Forts de dizaines d'écoles occupées à la veille d'un référendum d'autodermination à hauts risques en Catalogne, les séparatistes se disent prêts pour cette consultation interdite par la justice et que le pouvoir central espagnol veut empêcher à tout prix.

Notre rêve est à portée de main

"Votarem" ("nous voterons" en catalan) ont scandé vendredi soir des indépendantistes, environ 10 000, venus assister au dernier meeting de Carles Puigdemont, leur dirigeant et président de cette région du nord-est du pays depuis début 2016.

"En ces moments incroyablement intenses et très émouvants, nous sentons que notre rêve est à portée de main", a-t-il lancé à la foule.
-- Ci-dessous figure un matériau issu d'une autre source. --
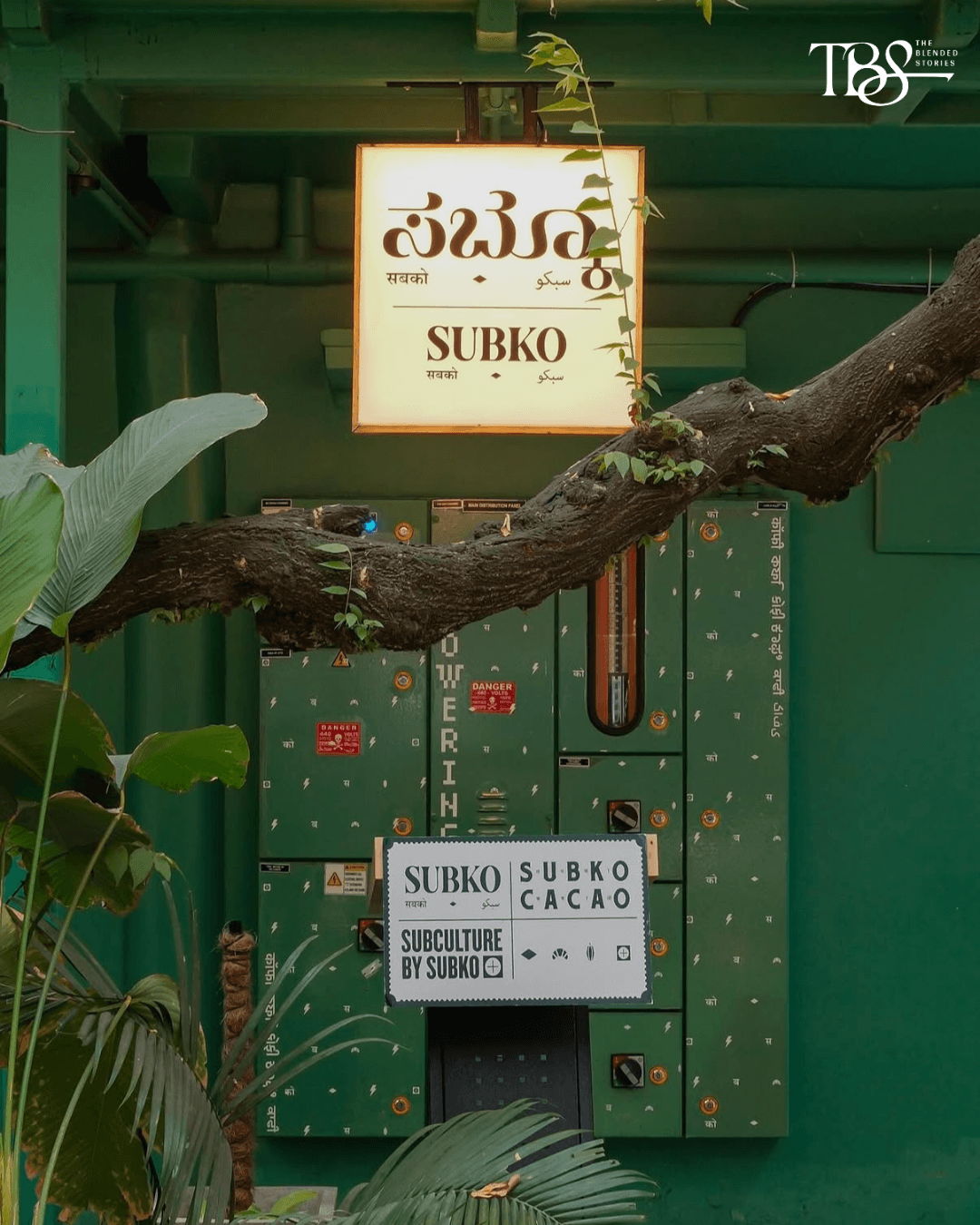 Ajji House by Subko — A charming neighbourhood space where Subko’s coffee culture meets a nostalgic, homely setting.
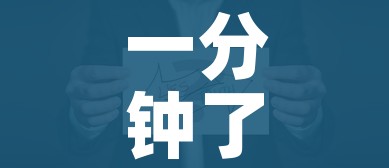 一分钟了解“炸 金花房间卡怎么开”详细房卡教程 一分钟了解“炸 金花房间卡怎么开”详细房卡教程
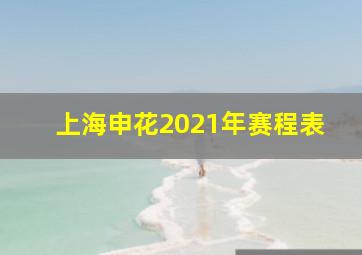 上海申花2021年赛程表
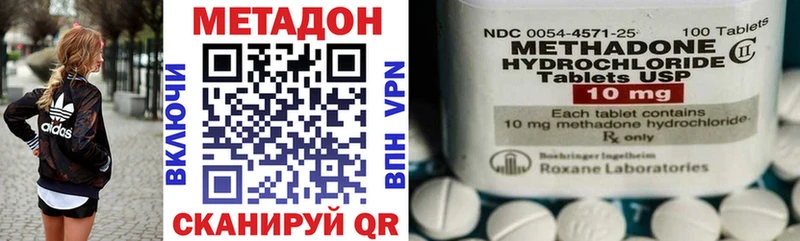 купить  сайты  Высоковск  Метадон VHQ 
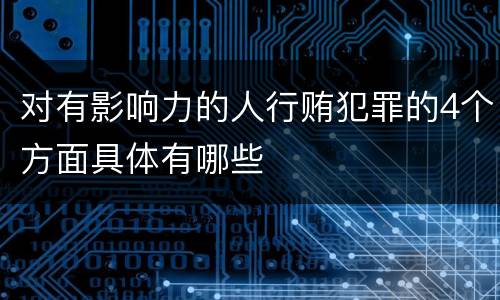 对有影响力的人行贿犯罪的4个方面具体有哪些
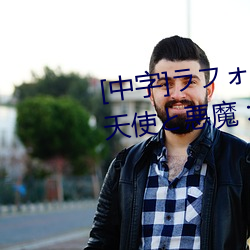 [中字]ラフォーレ ガール Vol.41 天使と悪魔 : 大桥未久在 （夜行被绣）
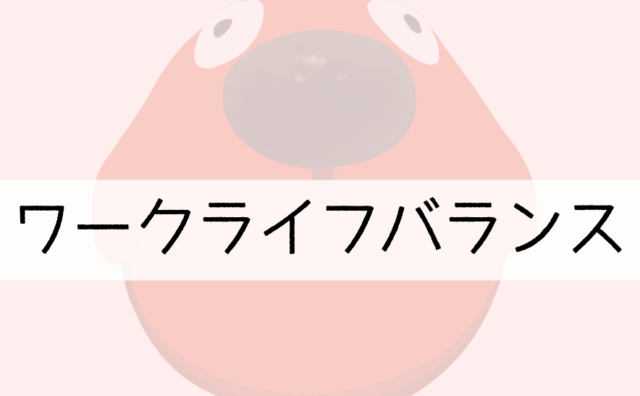 ワークライフバランス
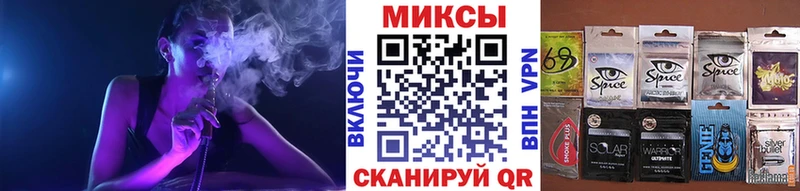 мориарти какой сайт Краснокамск Бутират оксибутират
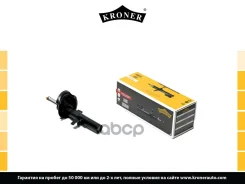 ����������� (�����. ���. ) [���] Kroner ���. K3529311G K3529311G ����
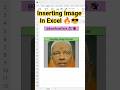 Insert Image in Excel - Quick Tutorial for Beginners 🖼️📊✨ #excel #exceltips #excelimage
Les dirigeants séparatistes ont assuré vendredi qu'ils disposeraient dimanche de 2 315 bureaux de vote, dont 207 à Barcelone, pour ce référendum pourtant interdit par la Cour constitutionnelle.

Mais la commission électorale a été dissoute en raison du risque d'amende... et elle était composée uniquement de séparatistes, ce qui la rendait difficilement crédible.

Il n'y aura pas de référendum

Les forces de l'ordre, qui ont saisi depuis la mi-septembre des millions de bulletins de vote, recherchent toujours les milliers d'urnes que les indépendantistes veulent utiliser pour ce référendum interdit par la Cour constitutionnelle.

"Il n'y aura pas de référendum", a martelé le porte-parole du gouvernement conservateur espagnol Inigo Mendez de Vigo. "Les responsables (de ces agissements) se rendent coupables d'un acte de déloyauté très grave", a-t-il dit, promettant qu'ils auraient à répondre de leurs actes devant la justice.

Le face-à-face entre Madrid et les séparatistes en Catalogne, l'une des pires crises traversées par l'Espagne depuis le rétablissement de la démocratie après la mort du dictateur Francisco Franco en 1975, s'est rapproché vendredi de son paroxysme.

Multiplication des mesures judiciaires

Madrid a multiplié les mesures judiciaires et les opérations de police ces dernières semaines, provoquant des manifestations d'indignation de dockers, de pompiers et de milliers d'étudiants.

La police régionale catalane -les Mossos d'Esquadra-, proche de la population, a dit craindre des troubles et a annoncé vendredi soir qu'en cas d'occupation de bureaux de vote, elle ferait savoir aux organisateurs qu'ils ont l'obligation de quitter les lieux avant "dimanche à 06h00 du matin", selon un document interne consulté par l'AFP, préférant donc ne pas appliquer la manière forte d'office.

Madrid a envoyé en renfort quelque 10 000 agents de la police nationale et de la Garde civile qui pourraient être mobilisés.